While demand for frozen food booms, processing plants head to China and Mexico
Farmers markets may be fashionable, but the U.S. appetite for convenience food remains insatiable. “Retail sales of frozen foods in the U.S. in 2005 reached a record $29 billion, up from nearly $26 billion in 2001,” declares a news report.
Meanwhile, the U.S. food-processing giants are shuttering domestic plants and heading to Mexico and China, where labor and produce costs are cheaper than California’s central coast, once the U.S. frozen food capital.
In an age of broad energy and climate uncertainty, market forces are conspiring to make our food system ever more energy intensive. How can this be? How can it make economic sense to not only haul food from China and Mexico, but to keep its temperature below the freezing point throughout the process? While the American propensity to snatch dinner from the freezer and pop it into the microwave may be deplorable, it also makes perfect sense. Who has time to cook? People need to work ever more hours to maintain standards of living.
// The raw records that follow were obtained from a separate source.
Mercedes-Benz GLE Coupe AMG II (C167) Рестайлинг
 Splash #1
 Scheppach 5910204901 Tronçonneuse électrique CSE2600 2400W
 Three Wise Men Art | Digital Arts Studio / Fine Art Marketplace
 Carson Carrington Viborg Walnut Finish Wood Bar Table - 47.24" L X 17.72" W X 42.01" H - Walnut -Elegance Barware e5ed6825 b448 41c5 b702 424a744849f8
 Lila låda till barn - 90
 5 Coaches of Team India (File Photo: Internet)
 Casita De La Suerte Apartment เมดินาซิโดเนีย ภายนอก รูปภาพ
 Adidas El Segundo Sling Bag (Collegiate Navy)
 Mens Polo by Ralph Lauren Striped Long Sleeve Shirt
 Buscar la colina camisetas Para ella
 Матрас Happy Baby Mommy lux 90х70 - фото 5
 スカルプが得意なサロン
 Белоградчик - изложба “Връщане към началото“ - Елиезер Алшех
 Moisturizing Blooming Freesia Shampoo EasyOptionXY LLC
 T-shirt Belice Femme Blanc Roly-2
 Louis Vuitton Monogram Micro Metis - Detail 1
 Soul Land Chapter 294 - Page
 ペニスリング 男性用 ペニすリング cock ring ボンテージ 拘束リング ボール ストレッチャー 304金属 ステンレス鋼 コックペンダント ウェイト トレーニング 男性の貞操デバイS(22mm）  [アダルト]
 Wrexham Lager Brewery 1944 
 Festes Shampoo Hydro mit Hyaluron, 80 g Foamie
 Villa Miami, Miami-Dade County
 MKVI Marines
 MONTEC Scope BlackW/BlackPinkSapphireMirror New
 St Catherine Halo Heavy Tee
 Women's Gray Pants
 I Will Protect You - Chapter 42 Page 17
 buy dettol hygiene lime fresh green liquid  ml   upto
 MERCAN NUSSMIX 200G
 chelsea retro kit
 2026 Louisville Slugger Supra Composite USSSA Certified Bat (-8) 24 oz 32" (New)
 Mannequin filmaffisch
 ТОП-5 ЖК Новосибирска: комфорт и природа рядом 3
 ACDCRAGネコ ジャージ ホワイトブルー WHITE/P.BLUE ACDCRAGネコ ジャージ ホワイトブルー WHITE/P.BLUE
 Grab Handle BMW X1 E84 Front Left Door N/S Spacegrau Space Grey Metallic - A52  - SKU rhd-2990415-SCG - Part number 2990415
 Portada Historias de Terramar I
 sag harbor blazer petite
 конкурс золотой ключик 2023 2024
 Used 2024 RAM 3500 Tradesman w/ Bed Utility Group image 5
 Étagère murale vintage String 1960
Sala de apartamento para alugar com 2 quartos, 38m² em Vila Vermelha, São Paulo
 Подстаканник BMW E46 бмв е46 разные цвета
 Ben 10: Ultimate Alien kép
According to Robert Pollin’s Contours of Descent: The Economic Consequences of Clinton, Bush and Greenspan, real hourly wages peaked at $15.73 in 1973 and by 2000 stood at $14.15 (2001 dollars). And that was after a rare three-year growth spurt provoked by the stock-market bubble; since 2000, wage stagnation has returned.
Why? Largely because the great economic story over the last 30 years has been the opening of labor markets in Southeast Asia, China, Mexico, and Central America. As U.S. corporations have been free to set up factories in those areas, the bargaining position of U.S. labor has eroded. Workers choose between stagnant wages and no wages at all. (For another account of the dismal U.S. wage picture, see Paul Craig Roberts’ blistering piece in the July 2006 Counterpunch, unavailable online.)
And that brings us to another market force driving the increasing energy-intensiveness of our food supply: energy costs are way up, but not enough to offset the advantages of exploiting cheap labor in far-flung places. Here is the above-linked Mercury News piece, explaining why a Bird’s Eye closed a plant in Watsonville:
Workers at the Birds Eye factory in Watsonville earn $10 to $22 an hour — roughly 10 times more than in Mexico and Central America.
In a recent post, I wrote that “Food processing enterprises — from meat-slaughtering to cooling to dairy-bottling facilities — have consolidated beyond imagination.”
Now what’s left of our processing infrastructure is fleeing south — a trend we will likely live to regret.